[Records drawn from a dataset]

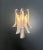 Pair of Italian Murano Wall Lights, Mazzega – 6 White Lattimo Glass Petals For Sale In Los Angeles - Image 6 of 10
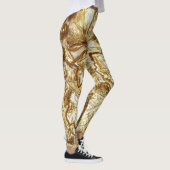 GOLD BLÄTTER LEGGINGS (Rechts)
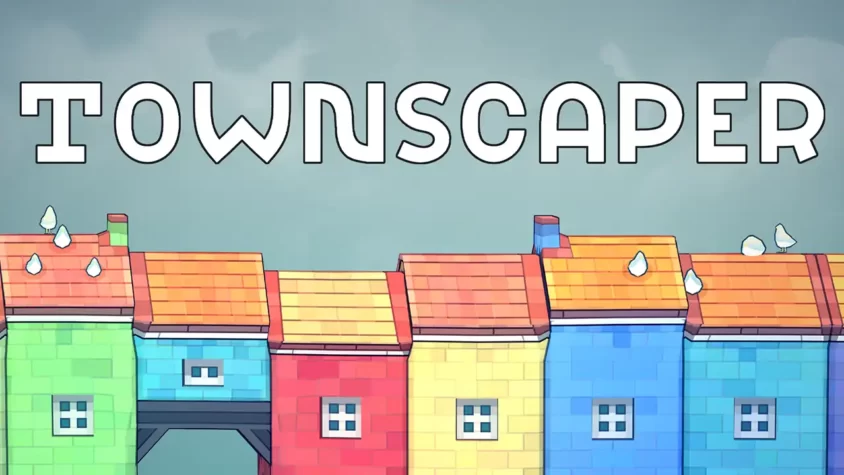 Townscaper - Главный экран Игра Townscaper - Главный экран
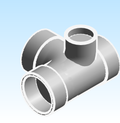 Fitting Tee Sanitary Left Side Inlet Westlake HxHxHxH PVC DWV DH Series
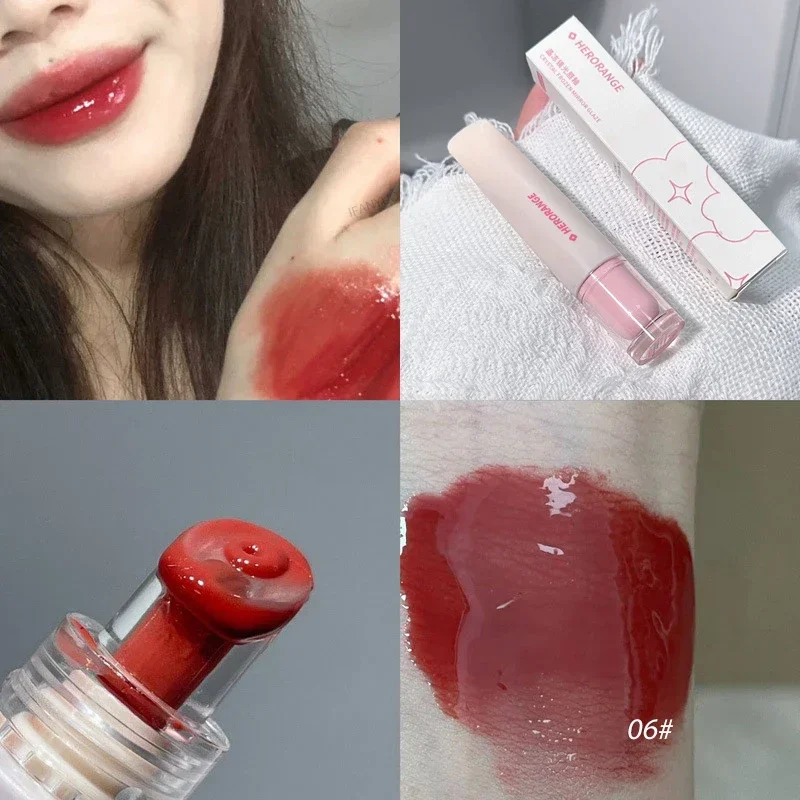 Płynna szminka koreańska jelly efekt lustra długotrwała Jasnozielony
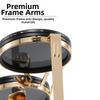 9 Level Dimming Adjustable Dimming Glasses Round Fishing Sunglasses  Outdoor Activities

_WHAT IS NEEDED_
Please print all the entries exactly as written, but drop the pictures.

_EXPECTED OUTPUT_
 Pair of Italian Murano Wall Lights, Mazzega – 6 White Lattimo Glass Petals For Sale In Los Angeles - Image 6 of 10
 GOLD BLÄTTER LEGGINGS (Rechts)
 Townscaper - Главный экран Игра Townscaper - Главный экран
 Fitting Tee Sanitary Left Side Inlet Westlake HxHxHxH PVC DWV DH Series
 Płynna szminka koreańska jelly efekt lustra długotrwała Jasnozielony
 9 Level Dimming Adjustable Dimming Glasses Round Fishing Sunglasses  Outdoor Activities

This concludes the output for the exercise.